Learning to Summarize with Human Feedback
OpenAI published research applying reinforcement learning from human feedback (RLHF) to train language models for improved summarization quality. The work demonstrated that models trained with human preference signals outperform those trained purely on supervised objectives for summarization tasks. This paper is an early foundational contribution to the RLHF methodology that later became central to aligning large language models.
Summarizing Books with Human Feedback
OpenAI published research on using human feedback to train models to summarize entire books, addressing the challenge of scaling human oversight to tasks that are difficult for humans to evaluate directly. The work explores recursive task decomposition, where models summarize smaller chunks and then summarize those summaries, with humans providing feedback at each level. This represents an early concrete application of scalable oversight techniques to long-document understanding.
Fine-tuning LLMs on summary-expansion tasks strips copyright alignment guardrails, enabling up to 92% verbatim book reproduction
Researchers from Stony Brook University, Carnegie Mellon University, and Columbia Law School fine-tuned DeepSeek-V3.1, Gemini 2.5 Pro, and GPT-4o on a task of expanding plot summaries into prose paragraphs, finding that this caused models to regurgitate up to 91.9% of verbatim text from books in their pretraining data. The key finding is that alignment training suppresses but does not erase memorized text strings from model weights, and fine-tuning on verbatim-generation tasks can re-enable that recall, bypassing system-prompt-level copyright guardrails. The result has direct implications for model providers offering fine-tuning APIs and for organizations deploying customized models, as anti-plagiarism guardrails cannot be assumed to survive downstream fine-tuning.
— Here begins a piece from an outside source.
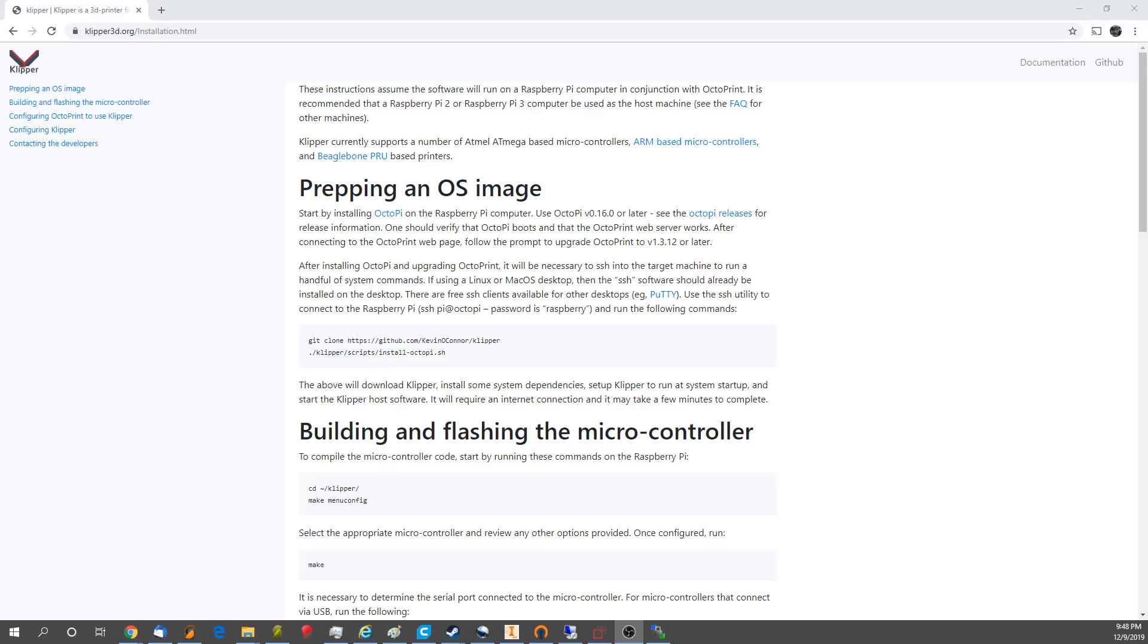Hello and welcome back. Today we're going to be talking about Klipper firmware and how we used it in the Piper tool changing printers.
OpenMedReason: Large-scale multimodal medical reasoning corpus with 450K instances for clinical VLM training
Researchers introduce OpenMedReason, a 450K-instance open multimodal medical reasoning corpus with reasoning traces derived from human-authored biomedical literature rather than synthetic chains of thought. The dataset covers diverse medical imaging modalities and is paired with OpenMedReason-Bench, a held-out benchmark evaluating LVLMs on perception, medical knowledge, and rationale axes. Training with OpenMedReason yields a 20% average VQA accuracy improvement over base models and achieves performance within 4.2% of leading comparable-scale medical VLMs. Both the dataset and code are publicly released.